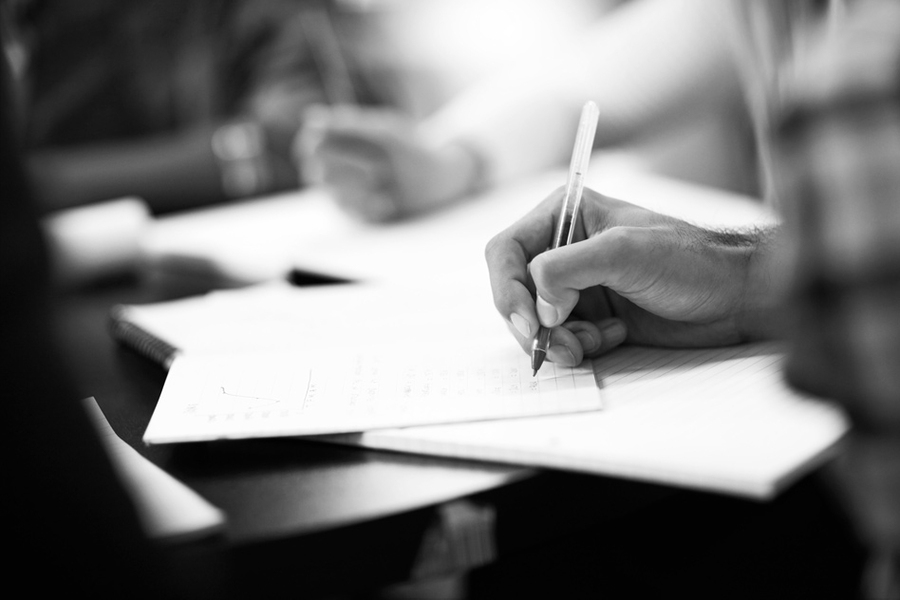 Effort to support postsecondary education in prison will
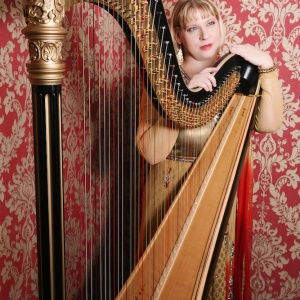 Promo Bella Rose (Harpist)  Lancashire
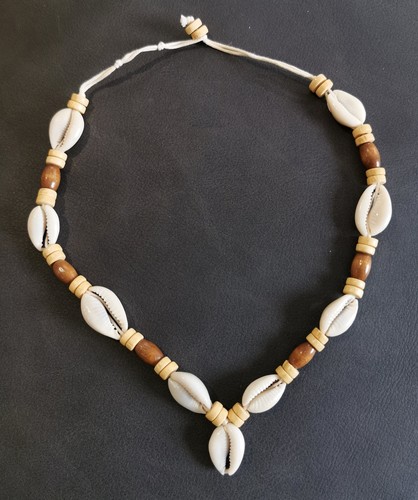 Kauri muschel kette folklore - kauri,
------------------------
* [Your task]:
A word-for-word copy of the lines from the one with "Promo Bella Rose" through the last line of the data above is required, with both end lines included and no pictures.

* [Completed exercise]:
 Promo Bella Rose (Harpist)  Lancashire
 Kauri muschel kette folklore - kauri,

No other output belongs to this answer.